Leah: You write about resisting an outcome-centered approach to cooking. How do you translate that mentality to running a business, where outcomes are how you’re measuring success?
Trinity: I’ve definitely found that I am most satisfied in my identity as an entrepreneur and my daily life where I structure things in a way that I don’t have to rush.
There’s the anxious tendency to be looking at what others are doing or thinking about what others might be thinking about what you’re doing, and to get into this state of making decisions out of desperation. Those feelings are not real, right? The business in itself is something that you’ve made up, and I think it can be helpful to remember that it can also be playful, and that the perspective doesn’t have to be so heavy just because there are dollars involved.
It can be a joyful practice to get inventory from one warehouse to another in the right time frame, especially if you are approaching it every day with a sense of curiosity and ease and possibility. I think every entrepreneur has this tendency to feel like their business is a weight on their shoulders, right?
But I think it’s very similar to cooking, in that when we view it as a chore, it’s very hard and it’s very terrible, and we don’t make food that tastes good because we go to whatever the place that’s most convenient is to get our produce and it’s not good, and we just scramble it around in the pan and throw it on a plate, and we say, see, this is why we should have gotten takeout.
When I bring an attitude of possibility and play and curiosity to business, then I have a day that feels that way. And if I have the attitude of the sacrifice and the horrors and the drudgery, then that is the day I will have at work.
Leah: Your co-author Rebecca Firsker is someone you’ve described as teaching “this very insular person that there’s so much to benefit from good partnership.” What was the collaboration process actually like, for someone used to building a universe out of your own mind?
Trinity: My agent introduced us, and I knew I needed help, and she had worked her way through the whole world of food media. Testing recipes and developing recipes is extremely hard work—I found it to be the least pleasant process, and was so grateful to have Rebecca really taking the lead on that piece.

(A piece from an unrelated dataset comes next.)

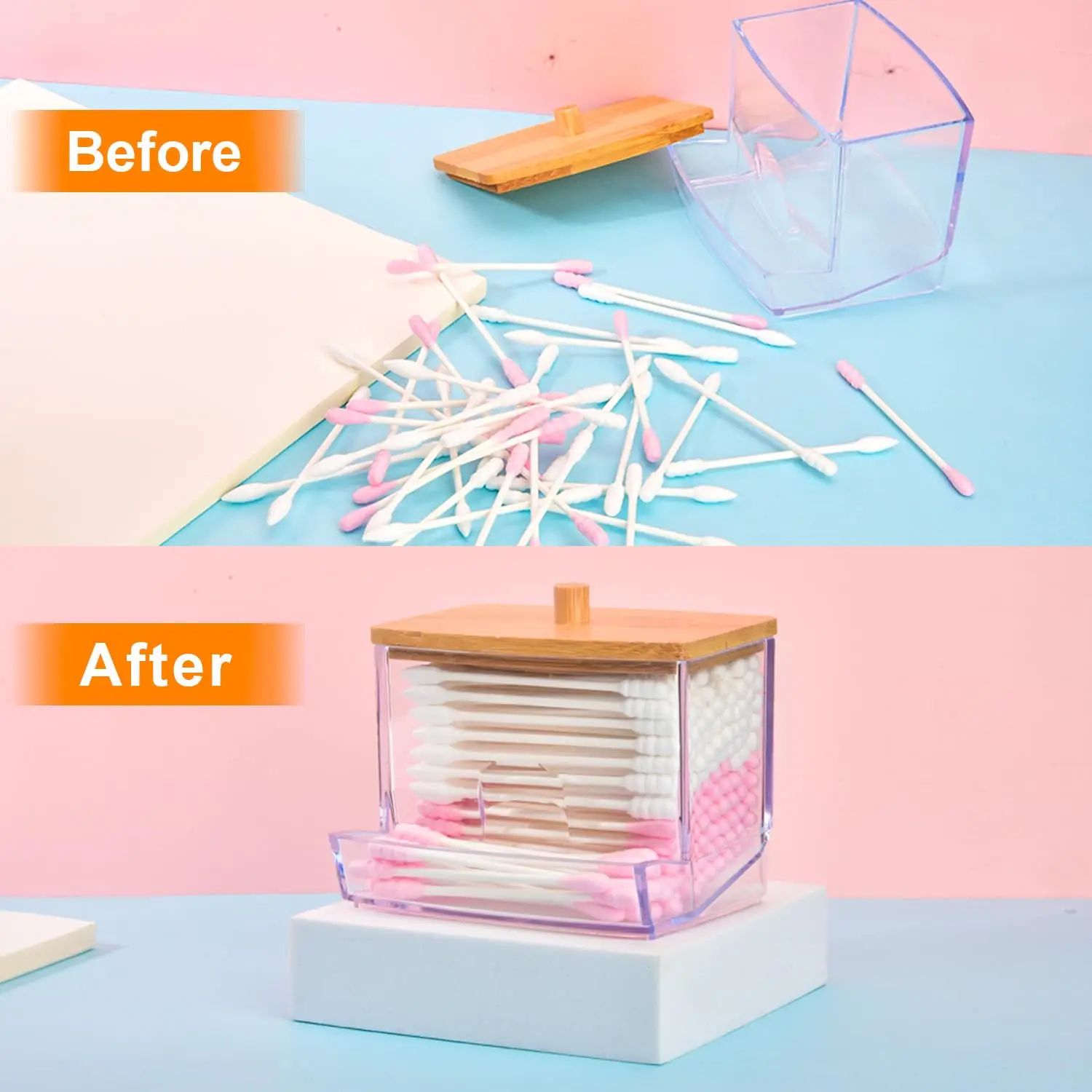 Clear Cotton Swab Organizer Box Dental Floss Storage Case Dustproof Container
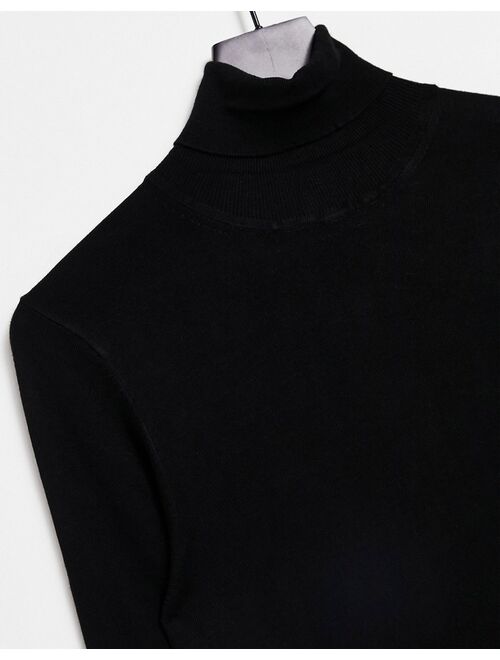 River Island roll neck sweater in black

What was challenging for me was that these are literally the recipes that Issey and I cook at home. Even in Golde, Issey and I, there was always a layer of separation, between us and everyone else working at the company. I learned a lot working with Rebecca because I found that at the end of the day, there was a lot to be said for letting people in.
This really taught me how to also be a better leader in my business. I was afraid to let people in because I realized that I wasn’t very comfortable yet standing on my own opinion and saying, Yes, I hear you, but it’s going to be this way because I say that this is right, and I’m sure of it. I had the sense that as soon as I let somebody in, I would have to acquiesce to what they were looking for and that the project would not be what I had intended it to be.
It taught me a lot about how much goodness there is in collaboration. For Golde photoshoots, Issey and I would do everything ourselves. We would shoot everything from our home. We designed the packaging ourselves. And I think that was what differentiated the brand early on. So when I heard that for a cookbook shoot you’re supposed to have a food stylist and a prop stylist, I didn’t believe that that could possibly be necessary.
And we ended up going for it, and we had like six people in the house for a week straight. We shot it at our home, the kids were running around, and it was so fantastic. It was so wonderful to bring in other collaborators and to have all of these people rooting for the book in a really meaningful way. So I think one of the biggest lessons the book taught me was the beauty of collaboration.
This interview has been lightly edited for length and clarity.